> [Data shown]:

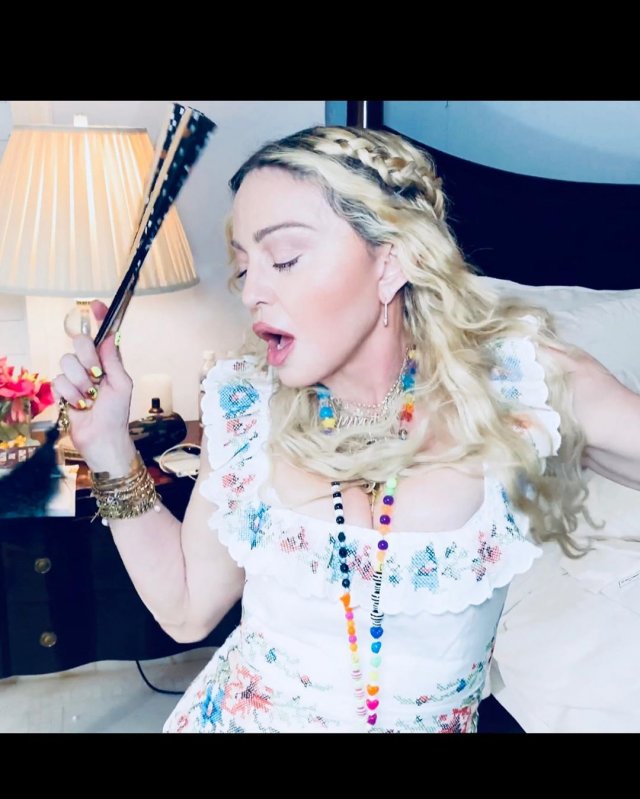Как Мадонна отмечает день рождения: молодые мужчины, запрещенные препараты и танцы до утра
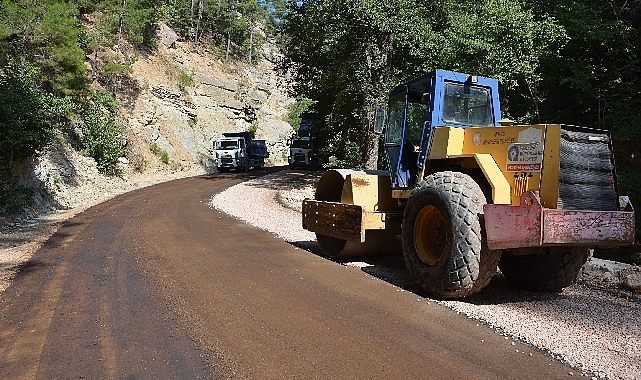 Antalya Büyükşehir Belediyesi, Alanya’da alt yapı çalışmaları tamamlanan Taşatan Yolu’nu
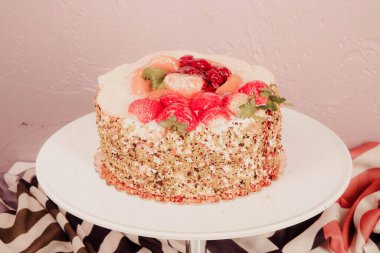 Masada lezzetli bir pasta var.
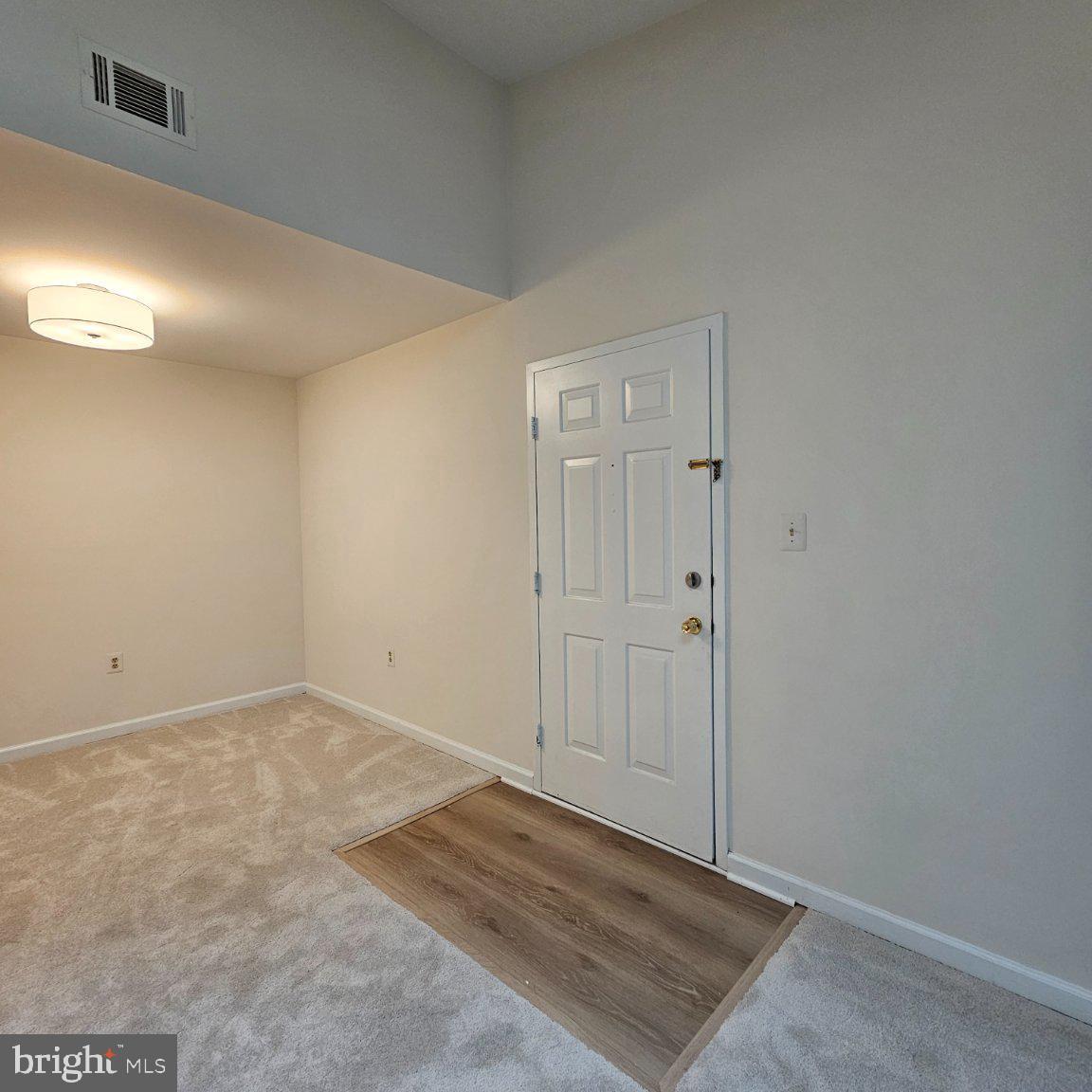 7705 Lexton Pl #e Property Photo 2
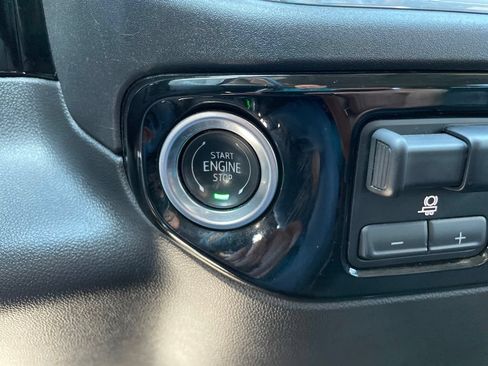 Used 2025 Chevrolet Silverado 1500 LT AWD/4WD image 23
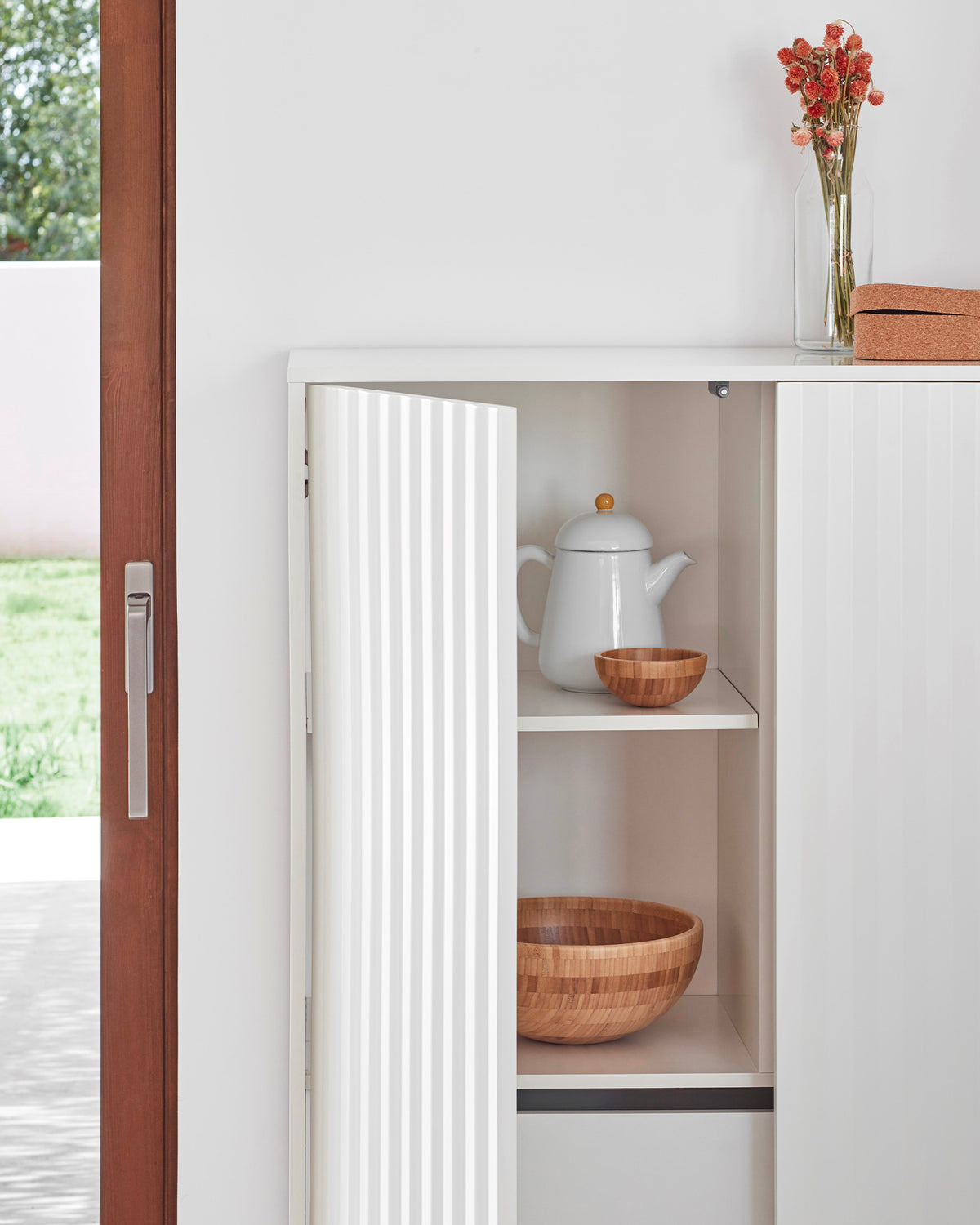 Credenza alta con frontali a rilievo Sierra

> [Task objective]: The output should consist of the records above, reproduced exactly, without pictures.

> [Solution]:
Как Мадонна отмечает день рождения: молодые мужчины, запрещенные препараты и танцы до утра
 Antalya Büyükşehir Belediyesi, Alanya’da alt yapı çalışmaları tamamlanan Taşatan Yolu’nu
 Masada lezzetli bir pasta var.
 7705 Lexton Pl #e Property Photo 2
 Used 2025 Chevrolet Silverado 1500 LT AWD/4WD image 23
 Credenza alta con frontali a rilievo Sierra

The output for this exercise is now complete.